Les dualités qui risquaient peut-être d'annuler - par des effets
de miroir l'ambiguïté et la franchise du mouvement de Fridfinnsson,
tendent depuis le début des années 1980, à se fragmenter
et à se consteller. A l'image de cette étoile pliée (Folded
Star, 1983) avec un soin sans âge, comme si cette pièce rassemblait
en elle l'essence de toutes les étoiles, il déploie, plie et
déplie des éléments parfaitement insolites pour les inscrire
dans des sortes de montages sans titres, qui sont, d'évidence, de purs
jeux de délicatesse que l'existence s'offre elle-même.

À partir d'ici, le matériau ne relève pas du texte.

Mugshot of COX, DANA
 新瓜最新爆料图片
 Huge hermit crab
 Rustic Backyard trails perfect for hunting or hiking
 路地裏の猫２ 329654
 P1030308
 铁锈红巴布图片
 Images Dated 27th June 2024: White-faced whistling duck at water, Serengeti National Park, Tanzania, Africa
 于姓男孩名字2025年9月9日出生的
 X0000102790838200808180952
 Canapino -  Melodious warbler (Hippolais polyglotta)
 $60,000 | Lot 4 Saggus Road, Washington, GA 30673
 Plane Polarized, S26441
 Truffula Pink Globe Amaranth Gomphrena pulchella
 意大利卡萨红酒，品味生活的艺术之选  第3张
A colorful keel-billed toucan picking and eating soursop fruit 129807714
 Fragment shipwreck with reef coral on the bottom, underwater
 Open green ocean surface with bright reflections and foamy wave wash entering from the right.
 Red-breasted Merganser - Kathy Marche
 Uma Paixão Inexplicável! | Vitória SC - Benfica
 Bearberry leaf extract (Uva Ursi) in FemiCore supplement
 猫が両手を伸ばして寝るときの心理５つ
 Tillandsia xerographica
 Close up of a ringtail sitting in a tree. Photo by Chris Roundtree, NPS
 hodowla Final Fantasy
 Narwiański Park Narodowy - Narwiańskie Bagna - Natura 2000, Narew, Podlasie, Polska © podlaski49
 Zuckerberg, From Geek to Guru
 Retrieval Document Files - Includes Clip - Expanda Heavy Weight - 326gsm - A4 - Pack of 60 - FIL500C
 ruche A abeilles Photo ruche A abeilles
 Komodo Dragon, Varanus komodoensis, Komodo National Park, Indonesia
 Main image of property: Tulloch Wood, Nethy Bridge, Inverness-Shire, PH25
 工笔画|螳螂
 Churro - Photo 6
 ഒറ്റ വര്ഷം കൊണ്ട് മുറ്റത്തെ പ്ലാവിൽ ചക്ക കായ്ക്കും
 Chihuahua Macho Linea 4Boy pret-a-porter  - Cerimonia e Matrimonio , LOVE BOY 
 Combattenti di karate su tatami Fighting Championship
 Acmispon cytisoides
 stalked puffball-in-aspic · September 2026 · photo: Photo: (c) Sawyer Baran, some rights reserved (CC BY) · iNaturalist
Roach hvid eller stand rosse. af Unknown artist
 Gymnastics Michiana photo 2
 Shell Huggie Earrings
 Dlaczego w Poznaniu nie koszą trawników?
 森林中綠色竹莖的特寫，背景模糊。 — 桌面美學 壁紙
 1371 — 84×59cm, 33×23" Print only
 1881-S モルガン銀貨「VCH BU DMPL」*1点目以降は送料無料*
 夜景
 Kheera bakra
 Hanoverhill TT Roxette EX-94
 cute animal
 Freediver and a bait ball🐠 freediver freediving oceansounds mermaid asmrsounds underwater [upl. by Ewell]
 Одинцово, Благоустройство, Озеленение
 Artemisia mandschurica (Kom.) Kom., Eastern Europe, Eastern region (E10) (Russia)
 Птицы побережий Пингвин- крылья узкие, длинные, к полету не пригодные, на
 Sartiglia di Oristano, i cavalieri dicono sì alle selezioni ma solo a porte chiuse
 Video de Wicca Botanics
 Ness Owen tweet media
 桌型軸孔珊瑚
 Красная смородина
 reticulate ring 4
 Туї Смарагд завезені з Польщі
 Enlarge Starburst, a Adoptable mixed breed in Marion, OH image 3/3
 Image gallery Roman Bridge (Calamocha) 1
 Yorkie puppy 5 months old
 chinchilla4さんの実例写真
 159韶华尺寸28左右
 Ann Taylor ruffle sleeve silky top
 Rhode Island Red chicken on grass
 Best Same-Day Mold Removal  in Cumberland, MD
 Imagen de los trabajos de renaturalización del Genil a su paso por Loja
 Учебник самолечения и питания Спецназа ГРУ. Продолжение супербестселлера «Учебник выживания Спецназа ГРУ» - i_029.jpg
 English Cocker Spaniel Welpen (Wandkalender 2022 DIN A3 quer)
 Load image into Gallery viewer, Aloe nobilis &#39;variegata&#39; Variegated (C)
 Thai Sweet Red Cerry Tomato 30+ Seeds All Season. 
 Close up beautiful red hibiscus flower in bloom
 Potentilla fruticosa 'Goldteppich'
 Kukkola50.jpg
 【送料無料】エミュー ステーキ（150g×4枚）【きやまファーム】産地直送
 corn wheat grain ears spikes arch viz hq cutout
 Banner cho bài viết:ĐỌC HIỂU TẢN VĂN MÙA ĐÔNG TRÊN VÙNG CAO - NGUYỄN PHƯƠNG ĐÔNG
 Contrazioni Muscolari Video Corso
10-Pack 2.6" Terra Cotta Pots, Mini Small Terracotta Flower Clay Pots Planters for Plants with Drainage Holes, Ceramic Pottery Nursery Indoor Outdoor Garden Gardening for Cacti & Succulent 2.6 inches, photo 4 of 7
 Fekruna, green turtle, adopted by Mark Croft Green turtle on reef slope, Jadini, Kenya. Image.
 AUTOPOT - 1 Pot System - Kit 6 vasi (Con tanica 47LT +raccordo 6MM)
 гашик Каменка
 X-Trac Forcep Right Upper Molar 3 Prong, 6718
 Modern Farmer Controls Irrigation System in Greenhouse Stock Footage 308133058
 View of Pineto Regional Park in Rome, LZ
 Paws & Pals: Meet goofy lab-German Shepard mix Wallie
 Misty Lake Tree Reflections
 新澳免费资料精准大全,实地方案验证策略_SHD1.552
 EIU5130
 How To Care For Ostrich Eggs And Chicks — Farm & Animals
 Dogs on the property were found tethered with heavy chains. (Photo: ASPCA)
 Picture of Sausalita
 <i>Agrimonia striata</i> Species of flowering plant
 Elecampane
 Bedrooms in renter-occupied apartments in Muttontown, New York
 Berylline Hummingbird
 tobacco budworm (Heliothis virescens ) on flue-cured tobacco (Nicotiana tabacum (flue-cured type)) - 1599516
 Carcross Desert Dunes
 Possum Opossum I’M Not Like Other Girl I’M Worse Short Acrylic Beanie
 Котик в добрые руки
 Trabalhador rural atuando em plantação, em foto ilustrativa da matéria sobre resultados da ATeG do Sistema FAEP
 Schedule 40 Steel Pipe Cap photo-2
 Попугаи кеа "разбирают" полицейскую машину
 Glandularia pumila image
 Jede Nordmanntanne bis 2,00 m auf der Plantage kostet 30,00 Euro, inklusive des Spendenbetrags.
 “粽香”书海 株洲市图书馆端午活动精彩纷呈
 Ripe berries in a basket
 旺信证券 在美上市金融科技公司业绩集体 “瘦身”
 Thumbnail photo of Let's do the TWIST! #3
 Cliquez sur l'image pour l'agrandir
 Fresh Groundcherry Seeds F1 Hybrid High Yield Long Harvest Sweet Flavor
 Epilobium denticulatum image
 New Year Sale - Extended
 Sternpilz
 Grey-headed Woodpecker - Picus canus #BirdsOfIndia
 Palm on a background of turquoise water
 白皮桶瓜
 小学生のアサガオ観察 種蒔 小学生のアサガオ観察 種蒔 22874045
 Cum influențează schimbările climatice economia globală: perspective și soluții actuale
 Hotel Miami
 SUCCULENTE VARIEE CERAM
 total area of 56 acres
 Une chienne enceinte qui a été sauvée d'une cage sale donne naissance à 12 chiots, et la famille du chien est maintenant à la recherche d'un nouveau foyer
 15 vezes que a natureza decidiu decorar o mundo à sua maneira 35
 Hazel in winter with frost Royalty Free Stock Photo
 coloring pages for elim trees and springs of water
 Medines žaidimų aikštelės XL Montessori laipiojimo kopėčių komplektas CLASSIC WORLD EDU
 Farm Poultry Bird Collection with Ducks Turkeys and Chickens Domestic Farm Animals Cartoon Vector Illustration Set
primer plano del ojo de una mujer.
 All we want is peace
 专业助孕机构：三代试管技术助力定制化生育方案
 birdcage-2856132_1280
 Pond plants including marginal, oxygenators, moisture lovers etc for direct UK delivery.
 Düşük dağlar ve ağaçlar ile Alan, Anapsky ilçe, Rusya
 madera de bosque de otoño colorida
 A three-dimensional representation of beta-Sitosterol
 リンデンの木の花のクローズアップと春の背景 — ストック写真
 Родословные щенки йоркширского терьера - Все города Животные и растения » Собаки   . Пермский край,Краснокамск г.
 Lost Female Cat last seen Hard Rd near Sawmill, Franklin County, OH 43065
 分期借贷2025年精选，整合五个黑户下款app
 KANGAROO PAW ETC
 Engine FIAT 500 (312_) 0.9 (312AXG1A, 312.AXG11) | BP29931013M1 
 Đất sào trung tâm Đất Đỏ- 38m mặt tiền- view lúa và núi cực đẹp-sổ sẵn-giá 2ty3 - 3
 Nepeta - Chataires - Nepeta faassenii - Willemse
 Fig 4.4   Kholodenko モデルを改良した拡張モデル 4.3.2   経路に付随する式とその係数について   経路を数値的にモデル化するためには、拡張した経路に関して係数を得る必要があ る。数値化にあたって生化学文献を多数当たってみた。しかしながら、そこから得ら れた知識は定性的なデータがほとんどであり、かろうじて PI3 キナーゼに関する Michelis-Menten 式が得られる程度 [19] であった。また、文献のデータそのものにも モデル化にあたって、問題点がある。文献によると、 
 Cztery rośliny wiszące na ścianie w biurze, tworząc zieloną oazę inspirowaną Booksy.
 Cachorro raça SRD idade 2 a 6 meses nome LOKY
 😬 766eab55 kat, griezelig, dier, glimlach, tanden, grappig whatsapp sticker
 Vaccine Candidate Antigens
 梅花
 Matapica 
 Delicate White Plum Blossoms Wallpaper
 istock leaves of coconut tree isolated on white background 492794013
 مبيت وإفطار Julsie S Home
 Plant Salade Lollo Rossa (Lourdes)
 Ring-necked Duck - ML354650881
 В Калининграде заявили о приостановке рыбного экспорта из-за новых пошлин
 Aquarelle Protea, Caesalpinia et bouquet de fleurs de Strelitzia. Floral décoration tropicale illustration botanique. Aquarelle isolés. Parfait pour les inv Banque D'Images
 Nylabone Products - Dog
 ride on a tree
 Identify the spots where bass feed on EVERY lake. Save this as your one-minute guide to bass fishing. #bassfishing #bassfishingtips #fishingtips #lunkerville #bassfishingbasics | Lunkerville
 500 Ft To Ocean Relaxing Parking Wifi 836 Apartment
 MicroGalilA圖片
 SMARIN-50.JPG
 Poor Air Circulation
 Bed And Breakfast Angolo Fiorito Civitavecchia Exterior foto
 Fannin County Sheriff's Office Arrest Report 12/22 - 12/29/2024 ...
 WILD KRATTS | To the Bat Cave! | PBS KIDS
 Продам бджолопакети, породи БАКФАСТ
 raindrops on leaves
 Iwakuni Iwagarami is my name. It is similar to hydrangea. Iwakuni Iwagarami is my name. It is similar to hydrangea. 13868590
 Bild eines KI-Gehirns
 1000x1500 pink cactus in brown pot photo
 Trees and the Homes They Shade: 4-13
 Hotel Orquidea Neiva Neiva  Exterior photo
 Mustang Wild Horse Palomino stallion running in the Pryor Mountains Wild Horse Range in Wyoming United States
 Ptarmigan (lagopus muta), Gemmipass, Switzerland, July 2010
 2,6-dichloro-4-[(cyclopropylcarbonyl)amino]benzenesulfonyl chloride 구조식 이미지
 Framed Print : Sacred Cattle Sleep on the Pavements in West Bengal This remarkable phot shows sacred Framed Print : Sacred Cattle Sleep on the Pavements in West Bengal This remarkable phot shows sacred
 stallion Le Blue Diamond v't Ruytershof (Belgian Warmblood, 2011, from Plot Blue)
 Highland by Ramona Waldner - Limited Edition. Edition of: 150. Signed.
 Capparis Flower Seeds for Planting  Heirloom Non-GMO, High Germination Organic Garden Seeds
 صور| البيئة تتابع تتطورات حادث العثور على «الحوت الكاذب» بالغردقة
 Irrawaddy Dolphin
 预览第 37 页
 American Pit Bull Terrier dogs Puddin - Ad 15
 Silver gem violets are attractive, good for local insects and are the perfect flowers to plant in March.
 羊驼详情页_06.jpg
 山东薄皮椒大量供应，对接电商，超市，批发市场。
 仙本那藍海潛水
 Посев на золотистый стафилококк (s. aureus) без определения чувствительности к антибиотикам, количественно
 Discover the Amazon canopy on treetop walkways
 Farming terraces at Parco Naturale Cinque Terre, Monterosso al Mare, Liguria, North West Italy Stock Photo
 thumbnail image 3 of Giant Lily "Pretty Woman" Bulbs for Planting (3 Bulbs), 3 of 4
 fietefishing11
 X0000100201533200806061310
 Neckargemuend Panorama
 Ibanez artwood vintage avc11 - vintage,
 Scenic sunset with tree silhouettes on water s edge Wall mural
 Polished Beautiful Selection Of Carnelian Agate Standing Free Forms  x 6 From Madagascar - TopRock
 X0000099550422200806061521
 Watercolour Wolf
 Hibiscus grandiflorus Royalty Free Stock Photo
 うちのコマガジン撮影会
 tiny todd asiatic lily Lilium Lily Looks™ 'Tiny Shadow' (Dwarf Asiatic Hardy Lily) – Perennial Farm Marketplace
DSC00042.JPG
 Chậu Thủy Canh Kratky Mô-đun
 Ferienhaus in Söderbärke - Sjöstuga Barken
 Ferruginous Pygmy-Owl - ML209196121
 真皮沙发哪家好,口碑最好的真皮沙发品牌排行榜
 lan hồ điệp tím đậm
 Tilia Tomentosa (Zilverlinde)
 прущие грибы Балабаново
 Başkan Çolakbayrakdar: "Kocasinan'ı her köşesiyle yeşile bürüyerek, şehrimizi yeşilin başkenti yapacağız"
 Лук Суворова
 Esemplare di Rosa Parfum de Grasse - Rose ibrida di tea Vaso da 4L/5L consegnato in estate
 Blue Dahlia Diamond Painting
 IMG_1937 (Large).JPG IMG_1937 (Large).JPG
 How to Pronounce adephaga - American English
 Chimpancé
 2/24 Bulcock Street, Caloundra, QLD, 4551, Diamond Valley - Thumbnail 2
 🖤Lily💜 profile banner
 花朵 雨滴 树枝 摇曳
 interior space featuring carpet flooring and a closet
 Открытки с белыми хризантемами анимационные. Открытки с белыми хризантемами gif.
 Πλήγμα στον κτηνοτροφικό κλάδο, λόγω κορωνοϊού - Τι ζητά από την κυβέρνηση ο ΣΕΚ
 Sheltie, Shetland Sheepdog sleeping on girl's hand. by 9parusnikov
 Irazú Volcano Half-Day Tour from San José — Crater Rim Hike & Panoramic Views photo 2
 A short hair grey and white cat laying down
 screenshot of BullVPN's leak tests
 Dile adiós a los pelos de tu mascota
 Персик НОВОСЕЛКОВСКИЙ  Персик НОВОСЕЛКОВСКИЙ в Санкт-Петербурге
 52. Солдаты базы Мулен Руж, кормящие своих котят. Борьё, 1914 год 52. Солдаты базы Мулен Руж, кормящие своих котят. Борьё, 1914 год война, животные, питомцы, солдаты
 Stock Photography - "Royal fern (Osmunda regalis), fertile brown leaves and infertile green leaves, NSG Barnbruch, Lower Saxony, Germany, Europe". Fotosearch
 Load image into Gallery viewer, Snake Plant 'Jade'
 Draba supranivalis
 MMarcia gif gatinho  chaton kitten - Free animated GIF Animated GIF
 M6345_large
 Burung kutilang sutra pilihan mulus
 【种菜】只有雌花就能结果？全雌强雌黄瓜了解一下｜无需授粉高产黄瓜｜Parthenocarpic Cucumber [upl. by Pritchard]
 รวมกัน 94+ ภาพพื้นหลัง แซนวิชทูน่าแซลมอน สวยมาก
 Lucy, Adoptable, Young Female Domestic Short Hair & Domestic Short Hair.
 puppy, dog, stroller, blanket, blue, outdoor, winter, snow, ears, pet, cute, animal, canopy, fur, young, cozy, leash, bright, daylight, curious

Deux pièces de 1983-1984 sont de ce point de vue très libres:
la première dispose un test de Rohrschach au centre d'une pyramide montante
de taches bleues; celles-ci tout en se multipliant, sans s'estomper, viennent
conforter ce lieu fait pour l'interprétation. Elles ne redoutent pas
que l'une d'entre elles puisse donner lieu à un sens (fut-il réducteur);
la seconde pièce juxtapose la photographie d'un caniveau où la
pluie dessine des ondes serpentines. Sur un panneau mitoyen, mordoré,
métallique, de courtes lignes se croisent en angle droit; à l'extrémité droite
de fines lamelles de bois, adjointées comme un store, finissent par,
dessiner, sur trois niveaux, deux syllabes muettes (des E) et une croix. Neuf
boutons rouges extrémistes signalent le danger qu'il y aurait à appuyer,
- là où, précisément, rien n'est alarmant. Ce n'est
pas parce qu'il y a précipitation à gauche, qu'il faut brûler
le rouge et chercher à gagner du temps à droite.